Dr. Sparrow, an outspoken critic of the Syrian government, said it had “transformed a principal element of public health into a tool of disease and terror.”


Such attacks would also violate the Chemical Weapons Convention, which the Syrian government, under heavy pressure from Russia, signed in 2013 to avert an attack threatened by the United States.
But there is substantial evidence of what Mr. Assad’s opponents describe as at least 29 chlorine bomb attacks launched from government helicopters in rebel-held parts of northern Syria this year. In March, the United Nations Security Council passed a resolution condemning them, without ascribing responsibility.

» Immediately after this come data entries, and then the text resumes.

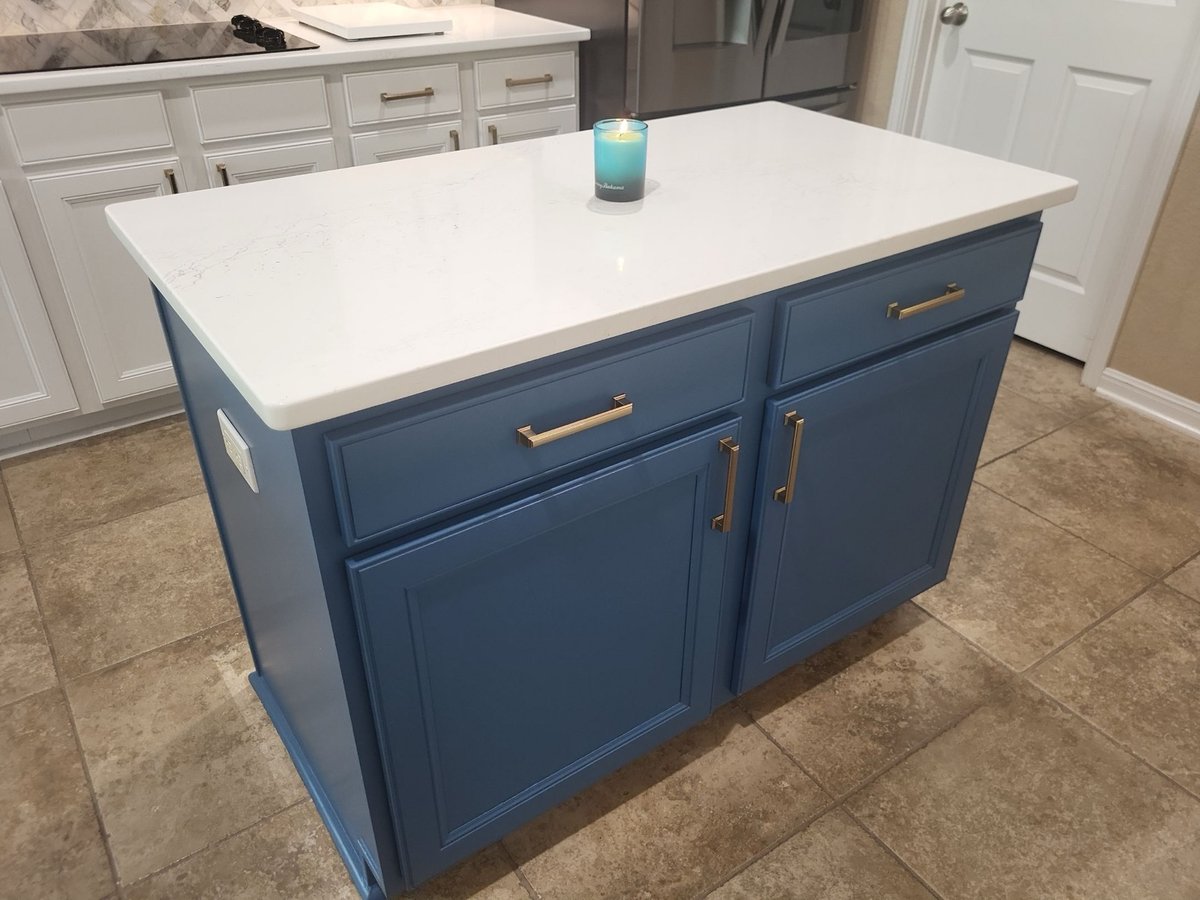 Navy blue kitchen island with white quartz top and brass cabinet handles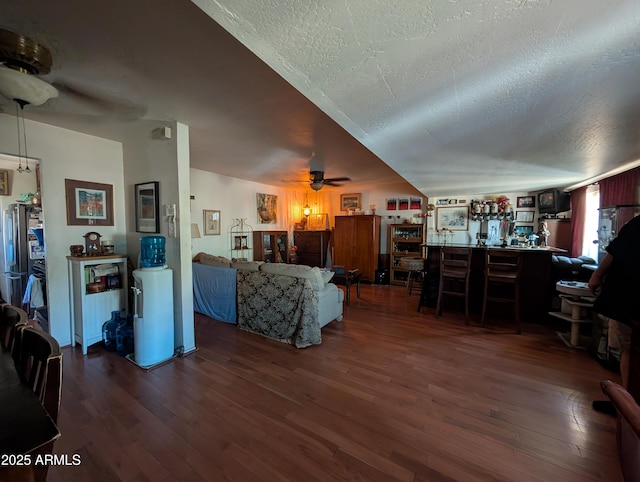 3827 N 8th St, Phoenix, AZ 85014 - living room with ceiling fan, wood finished floors, and a textured ceiling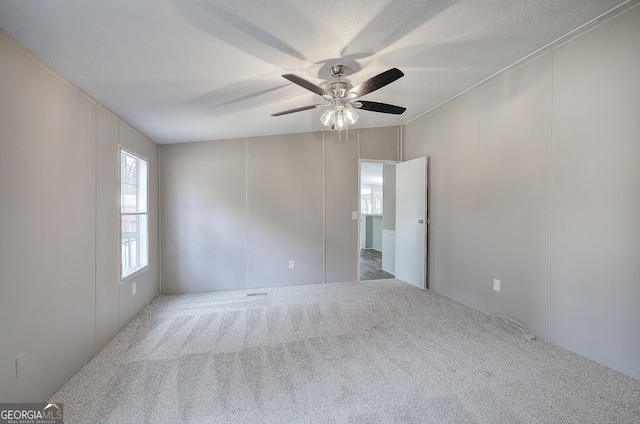 spare room featuring ceiling fan, a decorative wall, carpet, and a textured ceiling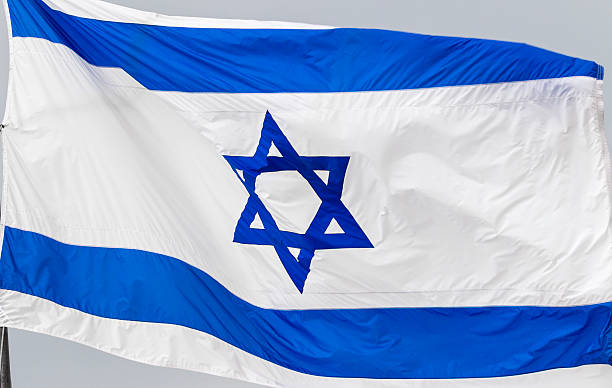 istock Flag of Israel Waving in the Wind 493060804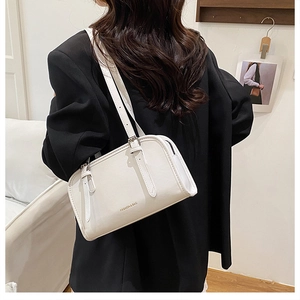 Model wearing a minimalist cream Boston handbag with adjustable straps in a studio setting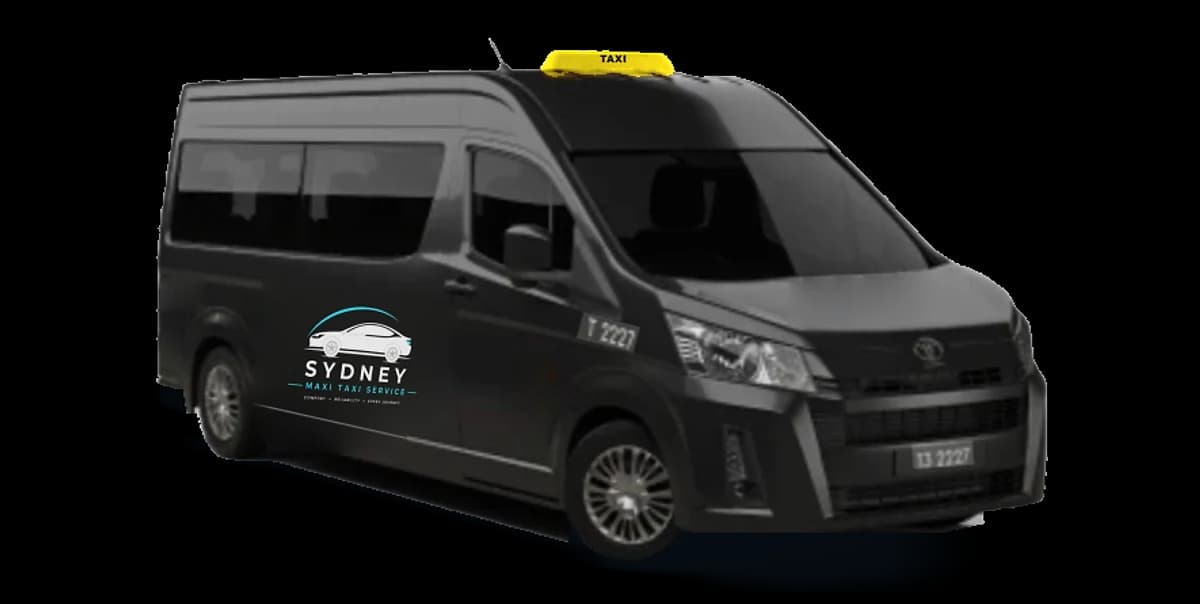 Black Toyota HiAce maxi taxi, front three-quarter view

Samantha Power, the American ambassador to the United Nations, has repeatedly warned that those responsible for chlorine bomb attacks will be held accountable. But it remains unclear when, or even whether, the Security Council will take more decisive action.
The question of an international response to the chlorine attacks has been further complicated by recent evidence suggesting that Assad secretly withheld some banned chemical compounds from destruction.
Domestic critics of President Obama, who once famously declared that chemical weapons use in Syria would violate his “red line” and would force American action, have called his response far too tentative — an accusation his aides strongly deny.
“Assad has seen the world’s complacency and decided that he can literally get away with murder,” said Representative Ed Royce, a California Republican and the chairman of the Foreign Affairs Committee, which convened the hearing in Washington.
Chlorine is considered a dual-use chemical, with many important industrial and hygienic applications in addition to its capacity as a weapon, and it is not on the list of toxic substances, including nerve agent ingredients and mustard gas, that Assad was required to give up when Syria acceded to the Chemical Weapons Convention banning them.
The Organization for the Prohibition of Chemical Weapons, which oversees compliance with the treaty, said nothing about chlorine in its announcement on Wednesday, which was devoted to updates on the elimination of Syria’s banned chemical munitions.
It said effluents created aboard the Cape Ray — the American naval vessel that neutralized 600 tons of Syrian toxins, including sulfur mustard and DF, a precursor chemical to nerve agents — had been destroyed at facilities in Germany and Finland last week.


Of the entire 1,300-ton Syrian stockpile, the organization said, 16 tons of hydrogen fluoride remain to be destroyed at a facility in Port Arthur, Tex.